US smooths over ties with Europe -- at least for now

So far American trouble-shooter George Shultz seems to be succeeding in postponing the most acute transatlantic troubles on his Dec. 7-19 European trip.

For a diplomat of Mr. Shultz's temperament, that's half the battle. The secretary of state's style is less grand design than ad hoc, low-profile coping.

In his first week in Europe, Shultz's most conspicuous problems have been the threatened United States-European agricultural trade war, West-West differences over East-West trade, and - suddenly - leaked American plans to move US forces' European headquarters from West Germany to Britain.

Shultz's method of coping with the first two issues was the time-honored one of commissioning studies. His method of coping with the last was to deny that there would be any peacetime move but to acknowledge that under contingency plans the US headquarters might shift in wartime.

Thus, the impression given by American and European spokesmen after the unusual Dec. 10 meeting of five US Cabinet members and five European Community (EC) officials in Brussels was that the two sides will avoid a trade war for at least three months. A joint study has been ordered during that period to explore agricultural export subsidies and their effect on the market, along with possible adjustments.

In the interim - the experts' report will be presented to the Cabinet ministers in March - the US still maintains its threat to dump dairy products in the world market and undercut EC prices if the EC doesn't trim its protectionism. US Agricultural Secretary John Block stated this explicitly to reporters after the meeting. The European expectation, however, is that the Reagan administration will be able to hold the line against pro-dumping congressional opinion for at least the three-month span of the study. The American hope is that in this period the EC can come up with somewhat fairer competition for American agriculture.

Basically, even though the worldwide recession generates strong domestic protectionist pressures all around, both sides of the Atlantic want to avoid a trade war. Memories of the acrimonious ''chicken war'' some years back make the US and Europe reluctant to repeat that experience. And this fall's resolution of the fight over European steel exports to the US gives the $159 billion per year trading partners hope that they can manage a cease-fire in agriculture, too.

Beyond that, no one sees any long-term solutions yet.
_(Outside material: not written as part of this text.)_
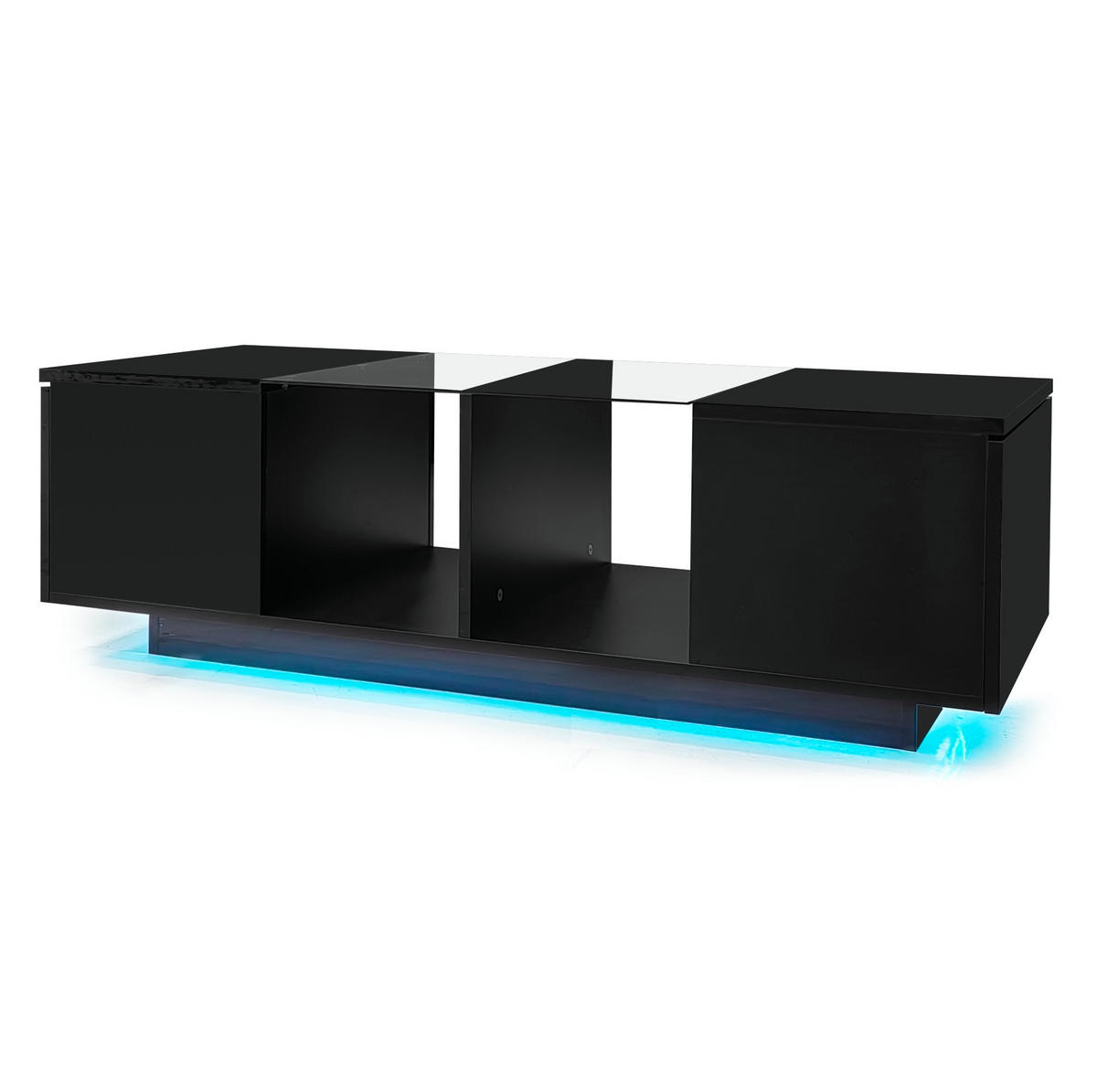 COUCHTISCH aus Glas und Holzwerkstoff 120x50x38,5 cm in Schwarz mit LED - Schwarz, Holzwerkstoff (120/50/38.5cm) - Modfu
The US, which has seen its farmers' incomes drop, thinks its very efficient agriculture deserves more of the world market - and it warns that managed market-sharing is not good enough. But the EC, with the faltering French economy in the lead, insists it will not dismantle the huge food subsidies that currently eat up two-thirds of the community budget.

US-European coordination of East-West trade has moved forward a bit following Washington's recent dropping of sanctions against Western European firms that exported US-licensed equipment for the new Soviet gas pipeline. A common approach is not yet clear, however, and US ambassador to West Germany Arthur Burns warns that ''long and difficult negotiations on ways of carrying out the agreed measures are undoubtedly still ahead of US.''

It is hoped, however, that the five US-European studies that have been agreed to can develop some broad consensus. Shultz has specified that these studies be ready by the next NATO foreign ministers' meeting next June.
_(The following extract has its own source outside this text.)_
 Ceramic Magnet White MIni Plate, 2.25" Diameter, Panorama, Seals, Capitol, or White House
Given West German resistance to defining East-West trade in narrow security terms, the studies will not be done under NATO's auspices. Shultz has indicated that the tightening up of Western restrictions on the transfer of militarily applicable high technology (including gas and oil technology) will be dealt with in the Paris-based COCOM. The energy demand-and-supply and export-credit studies will be written within the Organization for Economic Cooperation and Development (OECD). It is not yet clear which organization will study East-West economic relations.

The brouhaha over plans to move America's European military headquarters broke out when London's Guardian newspaper reported that a ''highly classified guidance document'' in the Pentagon had ordered this move to be made within four years. The implication - one highly disturbing to West Germany - was spelled out by the Guardian as a Reagan administration conviction ''that NATO forces will not be able to hold West Germany in a European war.''

The US hopes Shultz's denial of any intention of shifting headquarters in peacetime will reassure the West Germans.